0 - all the rest, i.e. just water or anything on the land (could also be boats)

Naturally, there may be edge cases (e.g. boats at the verge of the water and the shore). As metrics, we employ the prediction accuracy (number of correctly predicted images divided by number of all images) and the number of parameters of the model. For this benchmark, you can upload your trained ONNX model to be ranked on the leaderboard. For that, please refer to this sample script. It trains a simple single-layer perceptron architecture on this data set upon saving and exporting the Pytorch model as an ONNX file. Make sure the exported model uses the transformation provided in this code, as this is the transformation used for the webserver evaluation.

LaRS

LaRS is a large and diverse panoptic (and semantic) segmentation dataset for obstacle detection in USVs. Please visit the LaRS webpage for more information. In order to submit the results of your semantic or panoptic segmentation method, prepare the predictions as follows.

Semantic Segmentation

Your method should classify each pixel in the image into one of three classes: water, obstacles or sky. The predictions should be saved in a single .png file (example) with the same name as the original image. The colors used for the classes should be as follows:

water: (41, 167, 224)
obstacles: (247, 195, 37)
sky: (90, 75, 164)

Place the predictions in a .zip file and upload it to the webserver. Make sure that the predictions are located in the root of the .zip file (i.e. there are no directories included in the .zip file)

Panoptic Segmentation

Your method should produce panoptic instance masks for stuff and thing classes. The predictions should be saved in a single .png file (example) with the same name as the original image. The .png file should follow the format of the ground-truth panoptic masks:

RGB values encode class and instance information:
- R encodes the predicted class ID
- G and B encode the predicted instance ID (instance_id = G * 256 + B)
Class IDs follow the same class IDs specified in the GT annotation file. These are:
- 0: VOID
- 1: [stuff] static obstacles
- 3: [stuff] water
- 5: [stuff] sky
- 11: [thing] boat/ship
- 12: [thing] row boat
- 13: [thing] paddle board
- 14: [thing] buoy
- 15: [thing] swimmer
- 16: [thing] animal
- 17: [thing] float
- 19: [thing] other
The order and values of instance IDs is not important as long as each instance is assigned a unique ID
A common practice is to set the instance IDs of stuff classes to 0

Place the predictions in a .zip file and upload it to the webserver. Make sure that the predictions are located in the root of the .zip file (i.e. there are no directories included in the .zip file)

Dataset

The dataset comprises about 3,000 images of maritime navigational aids, mainly featuring red and green buoy markers. Only the training set is provided, while the test set is withheld to benchmark model performance in the competition. For accurate distance measurement, ground truth values are derived using the haversine distance between the GPS coordinates of the camera in each frame and the mapped positions of the buoys.

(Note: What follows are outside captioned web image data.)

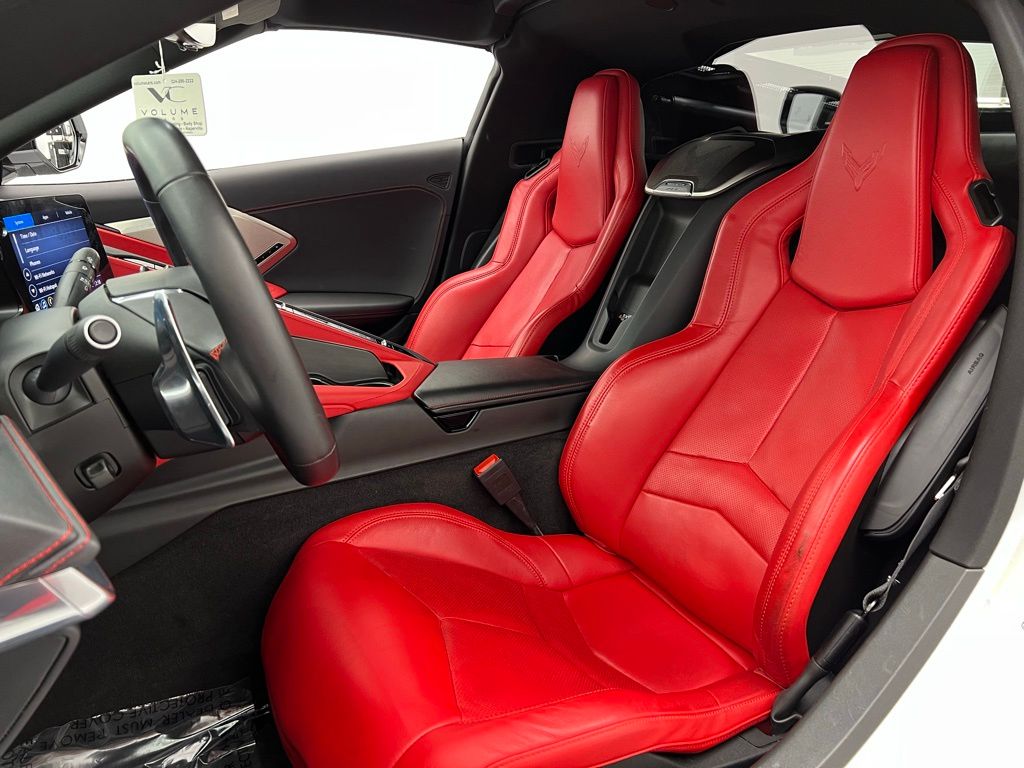2023 Chevrolet Corvette Stingray 2LT Coupe photo 7
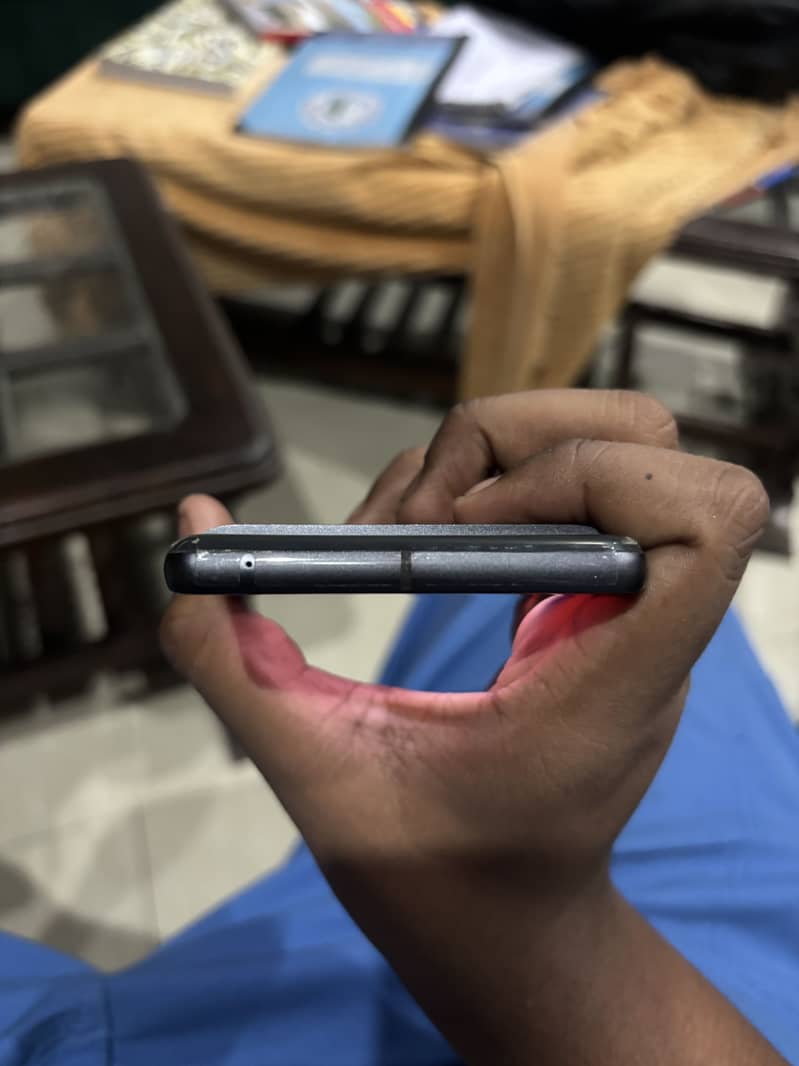 Google Pixel 7 5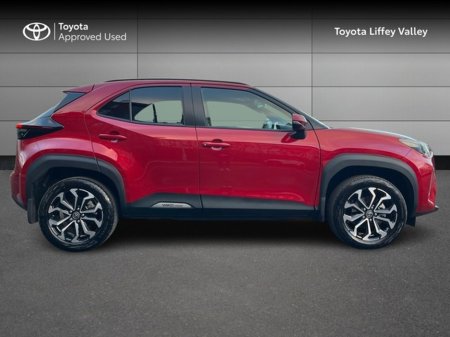 2025 Toyota Yaris Cross YARIS CROSS L-SPORT MONO €35,950 thumbnail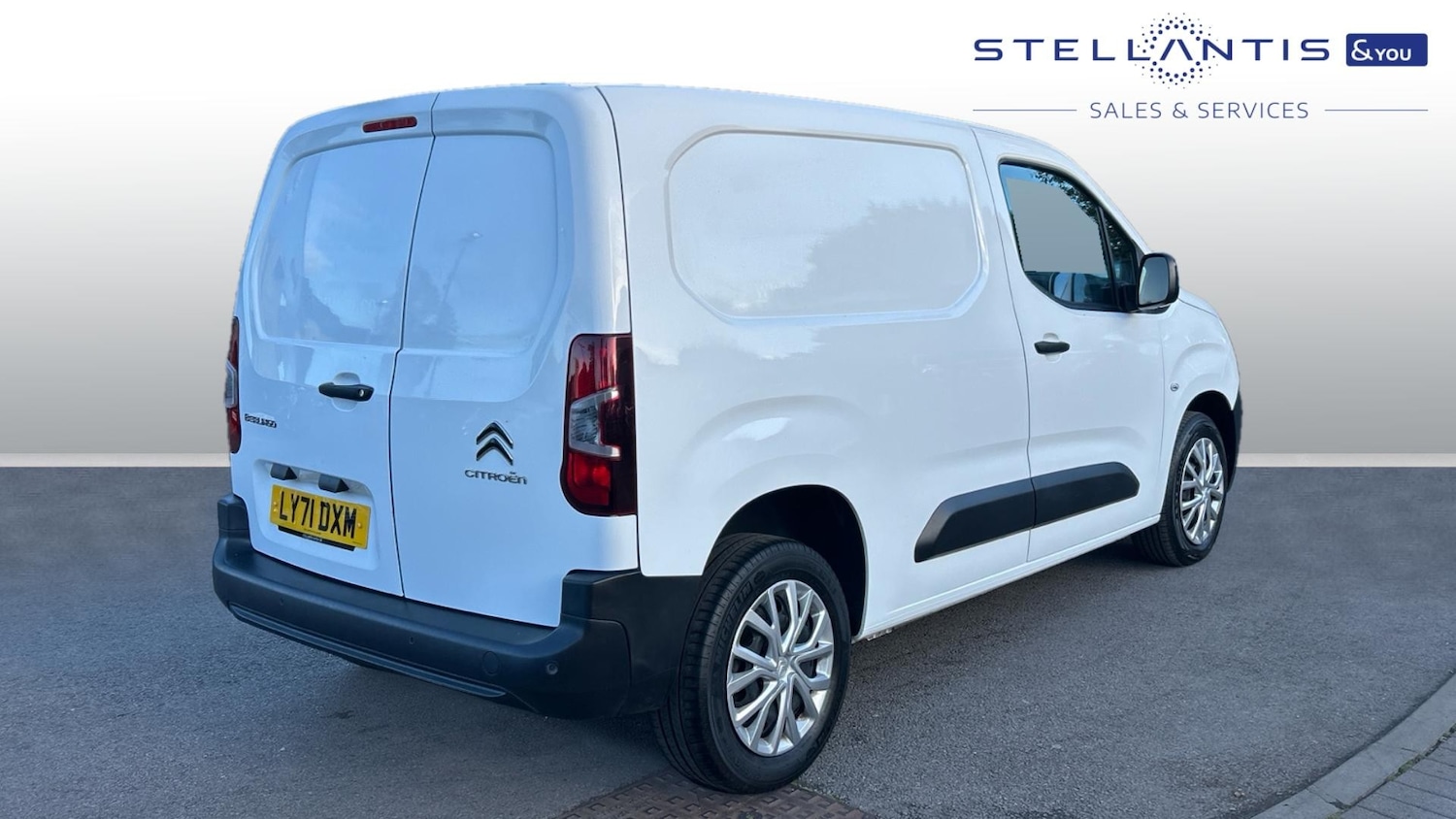 Used Citroen Berlingo 2022 for sale - 76153999: Photo 3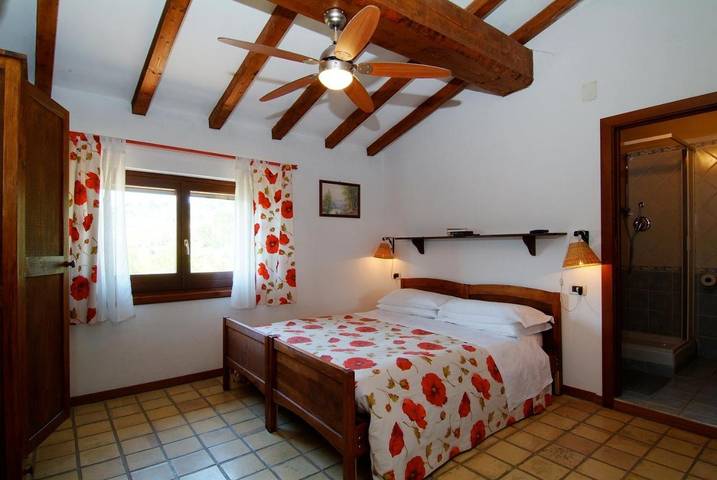 Maison de campagne pour 2 personnes, avec piscine et jardin, animaux acceptés à Penne - 2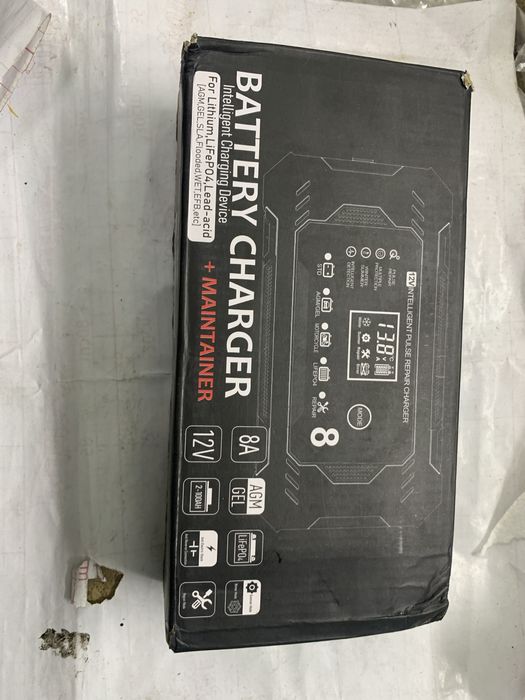 Продам автоматическое зарядное устройство 12В  8А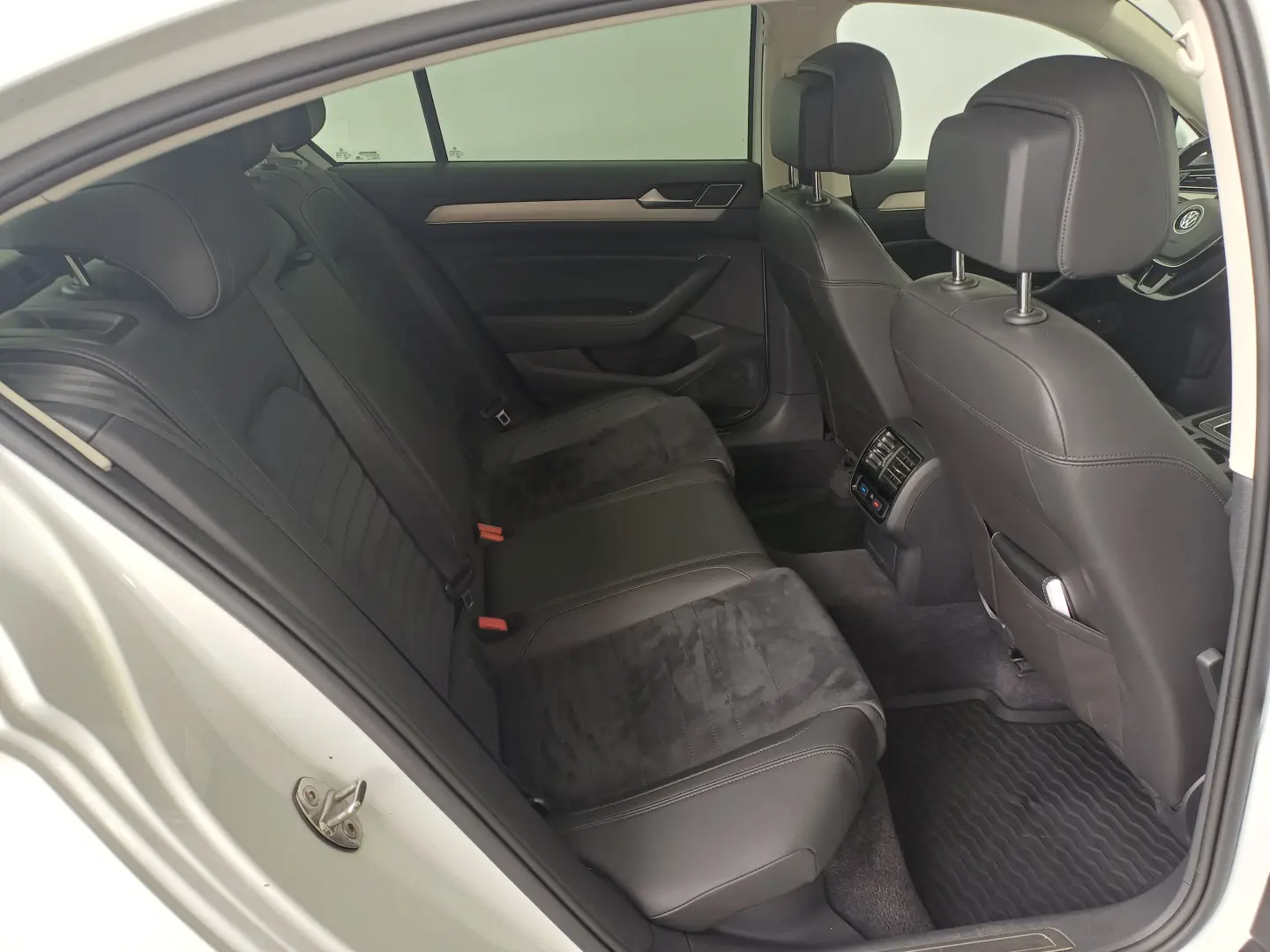VW Passat Highline 2.0 TDI DSG 4Mot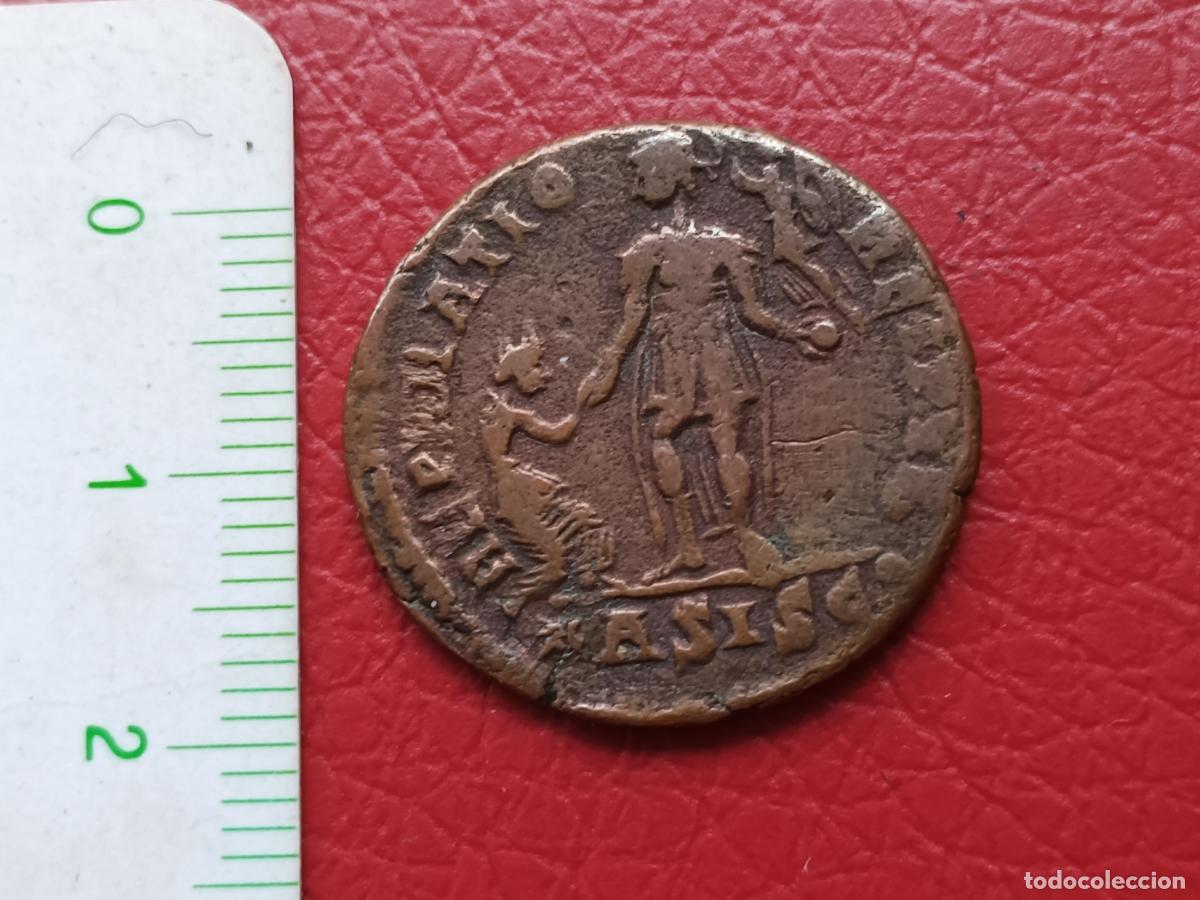 Monedas Imperio romano: FOLLIS DE VALENTINIANO I. 364-367 DC - Foto 2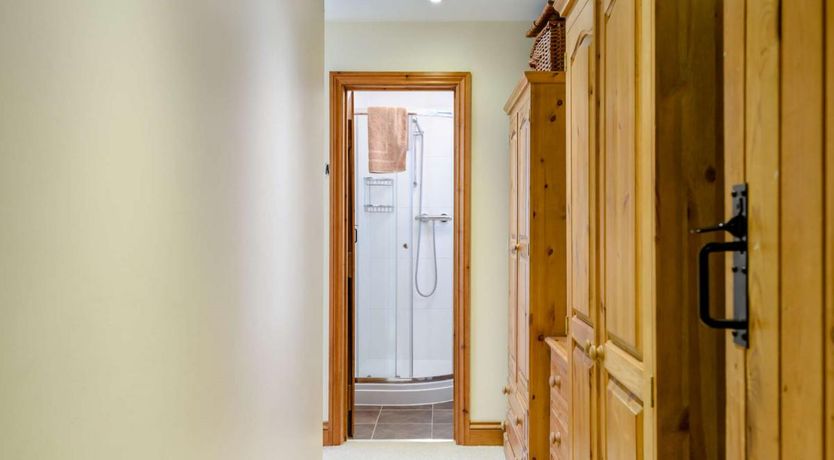 Photo of 3 Bed in Coombe Keynes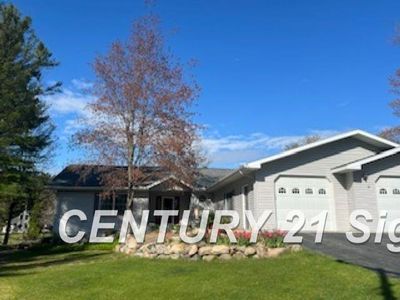 5297 S Pine St, Beaverton, MI, 48612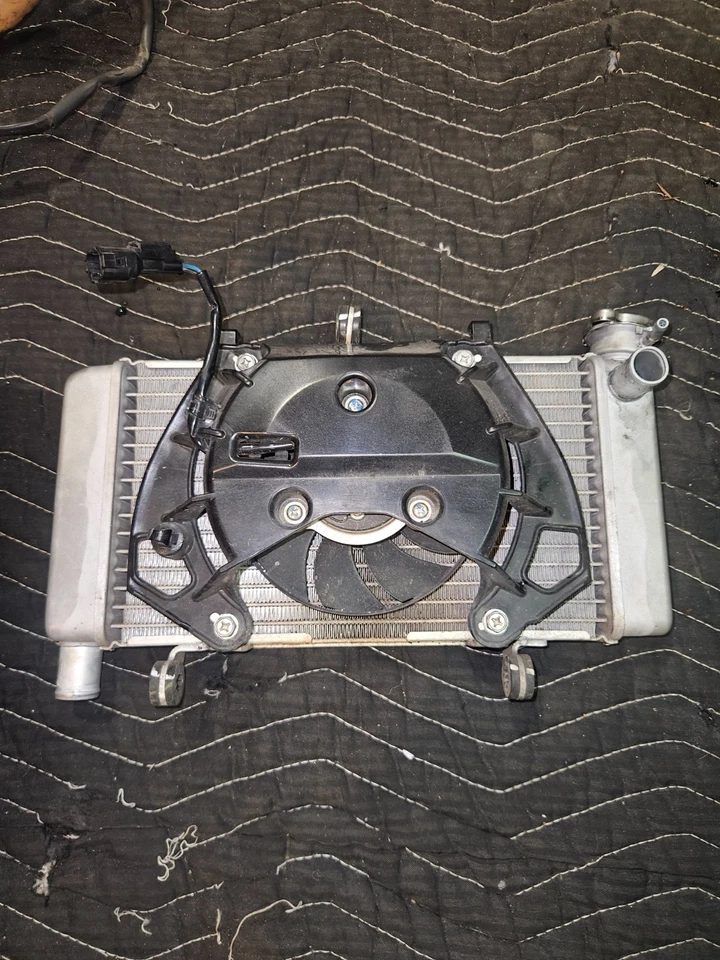 Honda CBR500R 2016 17 18 conjunto de cubierta de ventilador de radiador fabricante de equipos originales como nuevo bonito Foto 1 de 4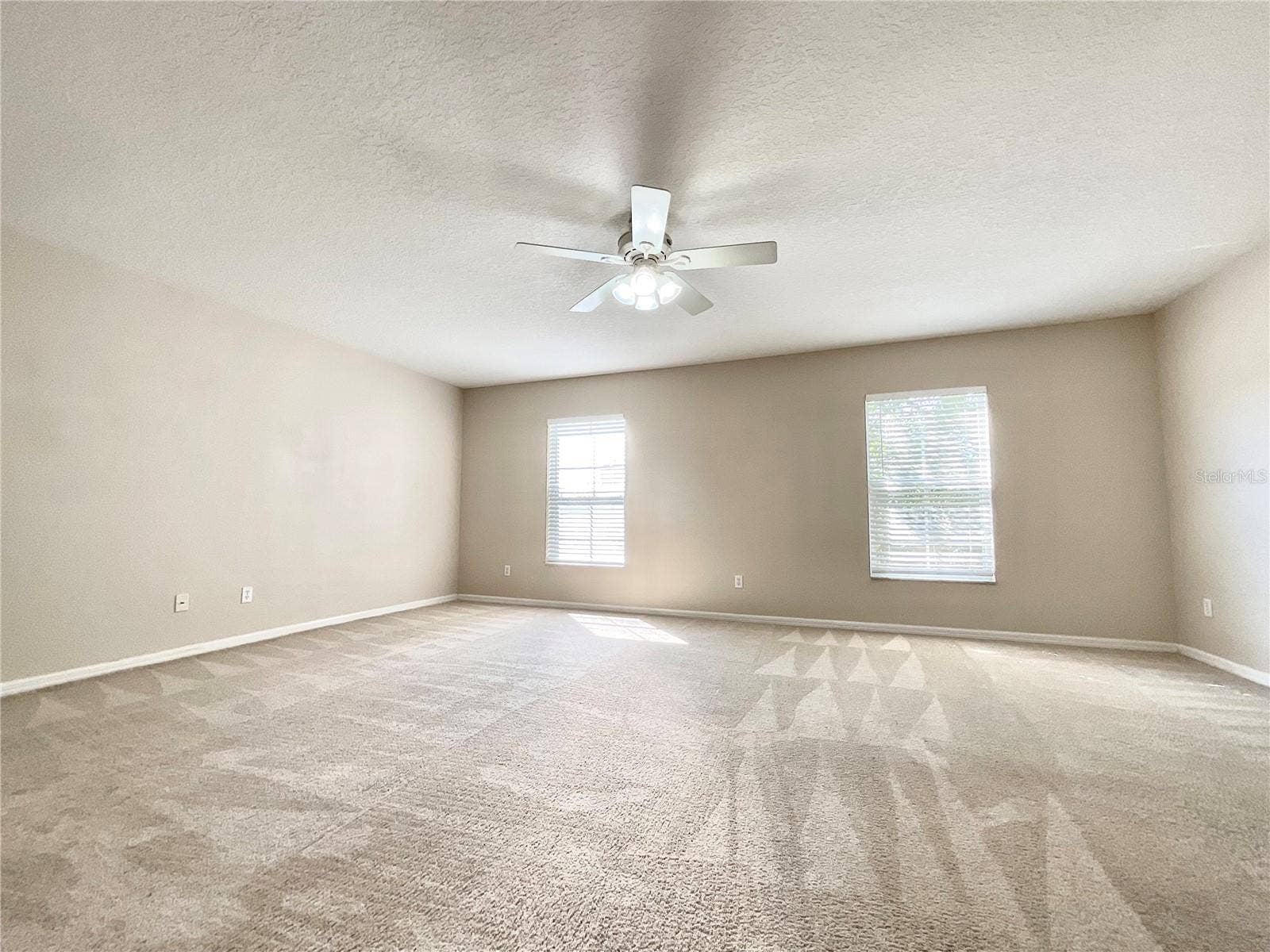 3820 SILVERBELL LOOP, Oviedo, FL 32765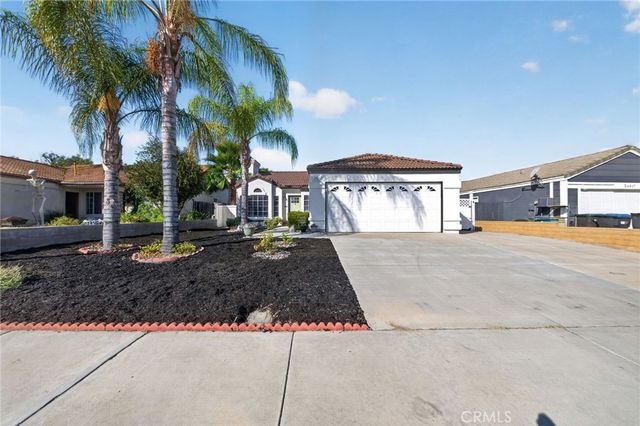 24663 Morningstar, Murrieta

The dataset adheres to the YOLO format, with images and labels stored in separate directories. Each image has an associated label file (.txt) containing bounding box information. Each line in a label file represents a bounding box in the format:

Class Id (0, since only Buoy Class)
Center-X (Normalized)
Center-Y (Normalized)
Width (Normalized)
Height (Normalized)
Distance (metric value [m])

Bounding box coordinates and dimensions are normalized, while the distance is given as a metric value in meters.